• [What is required]: Work out how many lines below contain the word "Bride". Only the number is wanted.

• [Data in this exercise]:
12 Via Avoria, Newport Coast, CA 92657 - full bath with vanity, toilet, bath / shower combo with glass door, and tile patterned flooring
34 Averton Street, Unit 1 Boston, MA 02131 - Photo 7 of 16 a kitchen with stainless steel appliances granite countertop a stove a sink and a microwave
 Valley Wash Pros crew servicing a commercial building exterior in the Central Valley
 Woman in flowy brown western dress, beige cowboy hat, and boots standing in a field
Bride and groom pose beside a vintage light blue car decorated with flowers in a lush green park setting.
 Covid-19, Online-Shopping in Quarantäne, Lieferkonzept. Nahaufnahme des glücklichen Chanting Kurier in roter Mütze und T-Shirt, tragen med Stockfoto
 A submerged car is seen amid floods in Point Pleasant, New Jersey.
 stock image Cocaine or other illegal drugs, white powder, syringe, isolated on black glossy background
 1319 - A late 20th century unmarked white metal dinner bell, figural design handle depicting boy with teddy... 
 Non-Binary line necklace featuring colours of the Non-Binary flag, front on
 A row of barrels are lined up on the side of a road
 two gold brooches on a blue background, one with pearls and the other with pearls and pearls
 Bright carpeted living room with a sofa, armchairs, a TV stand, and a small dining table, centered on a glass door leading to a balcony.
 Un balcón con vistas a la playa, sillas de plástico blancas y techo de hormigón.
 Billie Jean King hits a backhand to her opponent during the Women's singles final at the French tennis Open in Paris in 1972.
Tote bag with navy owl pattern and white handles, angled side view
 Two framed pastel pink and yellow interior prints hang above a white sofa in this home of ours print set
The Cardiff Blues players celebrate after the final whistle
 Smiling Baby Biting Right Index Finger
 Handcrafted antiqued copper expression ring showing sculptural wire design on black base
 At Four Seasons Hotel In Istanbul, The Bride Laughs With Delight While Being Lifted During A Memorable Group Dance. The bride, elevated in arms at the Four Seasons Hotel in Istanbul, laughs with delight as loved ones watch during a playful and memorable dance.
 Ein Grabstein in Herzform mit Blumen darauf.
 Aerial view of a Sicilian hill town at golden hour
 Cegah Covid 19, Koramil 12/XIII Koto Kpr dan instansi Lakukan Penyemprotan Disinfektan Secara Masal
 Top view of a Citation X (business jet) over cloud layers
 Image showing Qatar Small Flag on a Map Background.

• [Response area]: 2